Stored data: Begin

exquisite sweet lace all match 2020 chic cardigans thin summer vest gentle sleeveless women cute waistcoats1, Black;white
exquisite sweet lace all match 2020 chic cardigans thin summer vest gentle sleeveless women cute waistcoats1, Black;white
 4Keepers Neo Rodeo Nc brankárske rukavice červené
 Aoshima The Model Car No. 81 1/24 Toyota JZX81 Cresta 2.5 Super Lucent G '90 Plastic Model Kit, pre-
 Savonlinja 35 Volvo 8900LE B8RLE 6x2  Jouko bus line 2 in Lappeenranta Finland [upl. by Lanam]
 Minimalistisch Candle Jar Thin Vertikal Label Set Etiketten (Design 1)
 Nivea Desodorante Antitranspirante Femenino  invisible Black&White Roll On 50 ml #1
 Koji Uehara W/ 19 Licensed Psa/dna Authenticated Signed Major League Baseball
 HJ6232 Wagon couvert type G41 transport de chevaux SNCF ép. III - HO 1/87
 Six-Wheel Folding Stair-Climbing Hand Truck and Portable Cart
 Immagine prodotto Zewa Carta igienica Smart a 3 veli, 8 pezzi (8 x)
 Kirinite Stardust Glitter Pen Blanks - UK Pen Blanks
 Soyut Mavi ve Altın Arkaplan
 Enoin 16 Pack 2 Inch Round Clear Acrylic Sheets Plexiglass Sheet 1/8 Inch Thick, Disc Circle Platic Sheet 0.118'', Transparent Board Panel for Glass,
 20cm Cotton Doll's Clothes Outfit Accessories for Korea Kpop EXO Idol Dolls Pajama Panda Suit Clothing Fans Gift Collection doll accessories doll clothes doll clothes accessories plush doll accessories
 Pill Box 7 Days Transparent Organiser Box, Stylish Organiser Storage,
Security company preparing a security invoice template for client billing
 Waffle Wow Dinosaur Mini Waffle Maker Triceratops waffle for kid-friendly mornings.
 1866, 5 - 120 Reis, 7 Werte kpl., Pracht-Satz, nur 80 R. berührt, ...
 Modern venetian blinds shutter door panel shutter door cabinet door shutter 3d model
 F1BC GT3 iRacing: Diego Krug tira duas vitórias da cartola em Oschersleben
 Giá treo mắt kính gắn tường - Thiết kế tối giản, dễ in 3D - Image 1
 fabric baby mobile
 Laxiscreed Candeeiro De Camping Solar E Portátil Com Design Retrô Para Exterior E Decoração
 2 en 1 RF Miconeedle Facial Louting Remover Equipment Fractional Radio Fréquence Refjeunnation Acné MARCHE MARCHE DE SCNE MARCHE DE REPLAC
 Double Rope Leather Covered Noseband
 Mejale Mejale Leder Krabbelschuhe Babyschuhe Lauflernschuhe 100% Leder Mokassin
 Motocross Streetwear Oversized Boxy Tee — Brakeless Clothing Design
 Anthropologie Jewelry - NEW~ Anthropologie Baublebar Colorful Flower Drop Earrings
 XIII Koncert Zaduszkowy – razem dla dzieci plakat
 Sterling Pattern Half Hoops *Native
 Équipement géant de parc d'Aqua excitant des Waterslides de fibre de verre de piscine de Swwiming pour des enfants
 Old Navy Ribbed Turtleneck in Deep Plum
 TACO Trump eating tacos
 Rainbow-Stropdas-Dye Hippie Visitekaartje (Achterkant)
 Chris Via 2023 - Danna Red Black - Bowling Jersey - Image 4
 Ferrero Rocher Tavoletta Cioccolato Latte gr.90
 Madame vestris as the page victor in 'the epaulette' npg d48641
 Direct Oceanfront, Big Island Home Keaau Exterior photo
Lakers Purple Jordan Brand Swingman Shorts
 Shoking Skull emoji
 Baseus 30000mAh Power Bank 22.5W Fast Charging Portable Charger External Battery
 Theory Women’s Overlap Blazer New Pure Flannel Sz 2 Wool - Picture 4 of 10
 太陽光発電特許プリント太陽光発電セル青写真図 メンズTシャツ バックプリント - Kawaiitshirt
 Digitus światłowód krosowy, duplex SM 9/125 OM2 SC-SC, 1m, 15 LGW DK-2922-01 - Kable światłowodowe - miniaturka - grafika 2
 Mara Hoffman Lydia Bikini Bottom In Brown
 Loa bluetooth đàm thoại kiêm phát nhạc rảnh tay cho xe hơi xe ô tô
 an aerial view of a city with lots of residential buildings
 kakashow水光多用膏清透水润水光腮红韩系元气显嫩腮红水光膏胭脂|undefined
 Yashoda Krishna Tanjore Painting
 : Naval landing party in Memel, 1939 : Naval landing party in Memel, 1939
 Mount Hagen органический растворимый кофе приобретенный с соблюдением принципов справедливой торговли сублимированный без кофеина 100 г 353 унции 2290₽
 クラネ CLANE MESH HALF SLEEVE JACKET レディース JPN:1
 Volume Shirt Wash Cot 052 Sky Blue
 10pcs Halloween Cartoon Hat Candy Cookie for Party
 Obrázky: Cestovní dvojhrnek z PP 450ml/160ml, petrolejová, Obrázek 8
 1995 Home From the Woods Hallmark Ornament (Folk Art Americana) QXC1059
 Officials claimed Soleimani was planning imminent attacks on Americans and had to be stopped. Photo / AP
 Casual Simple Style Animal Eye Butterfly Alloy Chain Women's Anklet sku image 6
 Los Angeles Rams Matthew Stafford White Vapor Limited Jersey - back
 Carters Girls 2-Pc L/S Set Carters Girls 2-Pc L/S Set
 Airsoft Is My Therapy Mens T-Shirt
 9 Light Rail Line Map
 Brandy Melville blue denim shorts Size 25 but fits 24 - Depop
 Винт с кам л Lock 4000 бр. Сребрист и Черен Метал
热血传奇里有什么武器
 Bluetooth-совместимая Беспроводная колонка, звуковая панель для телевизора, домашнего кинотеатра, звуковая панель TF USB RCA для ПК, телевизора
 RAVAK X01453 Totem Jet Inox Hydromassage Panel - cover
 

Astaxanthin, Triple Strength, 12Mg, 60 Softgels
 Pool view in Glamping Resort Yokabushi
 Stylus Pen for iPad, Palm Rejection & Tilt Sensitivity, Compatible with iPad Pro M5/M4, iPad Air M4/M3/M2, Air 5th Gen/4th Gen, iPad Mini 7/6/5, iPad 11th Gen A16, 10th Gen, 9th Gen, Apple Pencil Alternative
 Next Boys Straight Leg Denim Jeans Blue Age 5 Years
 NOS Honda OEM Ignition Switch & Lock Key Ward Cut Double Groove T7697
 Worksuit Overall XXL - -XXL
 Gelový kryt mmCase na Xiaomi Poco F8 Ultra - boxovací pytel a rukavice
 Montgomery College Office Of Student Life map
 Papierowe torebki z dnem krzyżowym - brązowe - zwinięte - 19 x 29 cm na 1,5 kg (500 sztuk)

Stored data: End

## [Exercise objective]
Repeat the records above line by line, from the first line through the line that contains "Immagine prodotto Zewa".

## [Task response]
exquisite sweet lace all match 2020 chic cardigans thin summer vest gentle sleeveless women cute waistcoats1, Black;white
exquisite sweet lace all match 2020 chic cardigans thin summer vest gentle sleeveless women cute waistcoats1, Black;white
 4Keepers Neo Rodeo Nc brankárske rukavice červené
 Aoshima The Model Car No. 81 1/24 Toyota JZX81 Cresta 2.5 Super Lucent G '90 Plastic Model Kit, pre-
 Savonlinja 35 Volvo 8900LE B8RLE 6x2  Jouko bus line 2 in Lappeenranta Finland [upl. by Lanam]
 Minimalistisch Candle Jar Thin Vertikal Label Set Etiketten (Design 1)
 Nivea Desodorante Antitranspirante Femenino  invisible Black&White Roll On 50 ml #1
 Koji Uehara W/ 19 Licensed Psa/dna Authenticated Signed Major League Baseball
 HJ6232 Wagon couvert type G41 transport de chevaux SNCF ép. III - HO 1/87
 Six-Wheel Folding Stair-Climbing Hand Truck and Portable Cart
 Immagine prodotto Zewa Carta igienica Smart a 3 veli, 8 pezzi (8 x)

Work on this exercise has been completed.